By Jean-Paul Salamanca (staff@latinospost.com) | First Posted: Nov 03, 2012 12:19 PM EDT

Thanks to NASA's Fermi Space Telescope, astronomers are now able to accurately measure the amount of starlight in the universe and used it to determine the sum of all light ever shone from every star that ever existed.

Astronomers have been able to observe the photons from the earliest stars, which are caught by distant galaxies shining in the cosmos that have attracted the photons within their gamma rays. However, as Science News.com points out, it's not only the earliest stars that can be observed-astronomers can also observed the captured photons of every star that has ever been.

 "We now have constraints on the total number of stars that ever formed," Volker Bromm, an astronomer at the University of Texas at Austin, says of the new way to see old light, described online November 1 in Science, according to Science News.com. "It provides us with a review of the entire history of cosmic star formation, including the very first epochs of star formation in the very early universe."

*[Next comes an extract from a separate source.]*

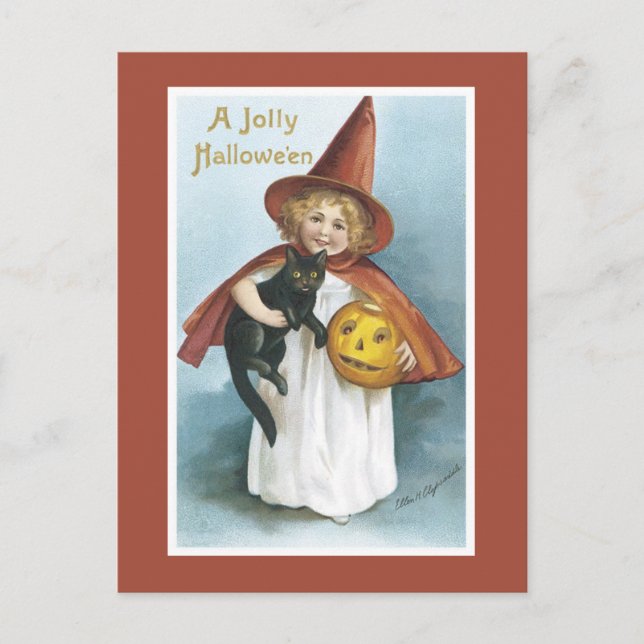 Vintage Halloween-häxa svart katt vykort (Framsida)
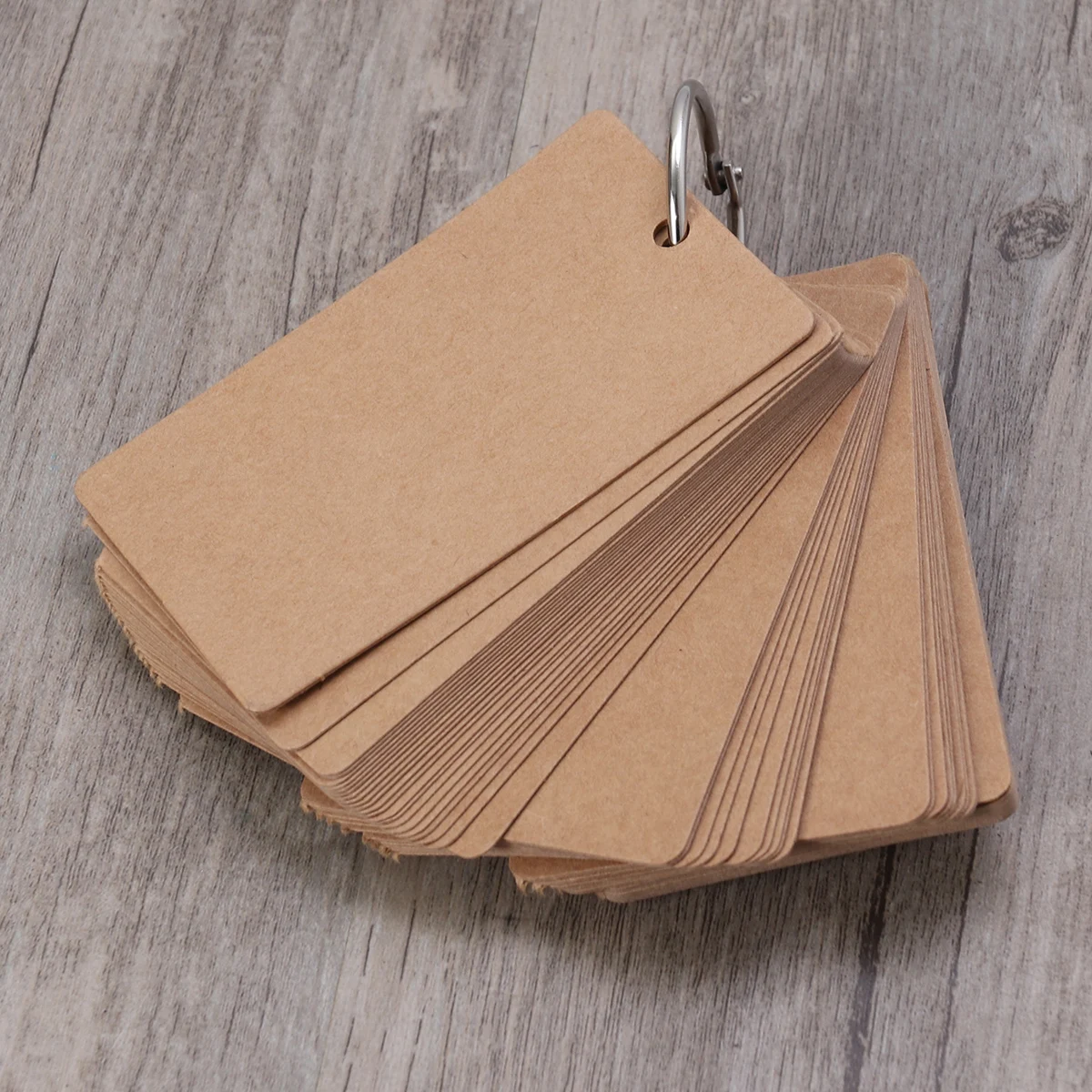 50 Pages Kraft Paper Study Cards Binder Ring Flash Notepad Memo Index Easy to Carry DIY Bookmark Note for School Office Outdoor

Gamma rays, the most energetic form of light, are observed every three hours by NASA's Fermi. Since Fermi was launched in 2008, its Large Area Telescope (LAT) observes the entire sky in high-energy gamma rays, which allows astronomers to view the most detailed map of the universe ever known as mapped out by the gamma rays, Phys.org reports.

The total amount of starlight in the universe, known to astronomers as the extragalactic background light (EBL), act as sort of a "cosmic fog" to gamma rays. A team led by Marco Ajello, the lead scientist on the project and researcher at the Kavli Institute for Particle Astrophysics and Cosmology at Stanford University in California, examined the EBL by studying gamma rays from 150 blazars, or galaxies powered by black holes, that were detected at energies greater than 3 billion electron volts-more than a billion times the energy of visible light.
Researchers eventually determined that the amount of gamma-radiation emanating from those blazers ranged from 4 billion years old to as old as 11.2 billion years, the Los Angeles Times reported.
"With more than a thousand detected so far, blazars are the most common sources detected by Fermi, but gamma rays at these energies are few and far between, which is why it took four years of data to make this analysis," team member Justin Finke, an astrophysicist at the Naval Research Laboratory in Washington, told Phys.org.

A copy of the research findings can be found in this month's Science Xpress magazine.